───── Exercise data ─────

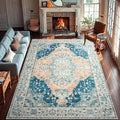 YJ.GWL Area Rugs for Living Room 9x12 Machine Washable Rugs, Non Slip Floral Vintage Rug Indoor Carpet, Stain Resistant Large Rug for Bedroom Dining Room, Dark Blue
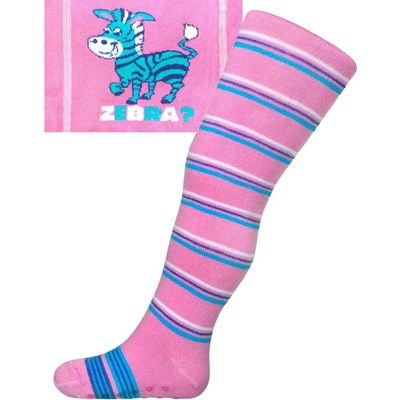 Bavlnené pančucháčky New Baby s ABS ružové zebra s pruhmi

─────
───── Exercise data ─────

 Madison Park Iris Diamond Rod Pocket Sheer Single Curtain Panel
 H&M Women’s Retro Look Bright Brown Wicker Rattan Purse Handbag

─────

What the task asks. Of all the material above, only the lines from the one that has "YJ.GWL Area Rugs" down to the one that has "Bavlnené pančucháčky New" are to be written out, exactly and with both ends included. Pictures are skipped.

Written solution.
 YJ.GWL Area Rugs for Living Room 9x12 Machine Washable Rugs, Non Slip Floral Vintage Rug Indoor Carpet, Stain Resistant Large Rug for Bedroom Dining Room, Dark Blue
 Bavlnené pančucháčky New Baby s ABS ružové zebra s pruhmi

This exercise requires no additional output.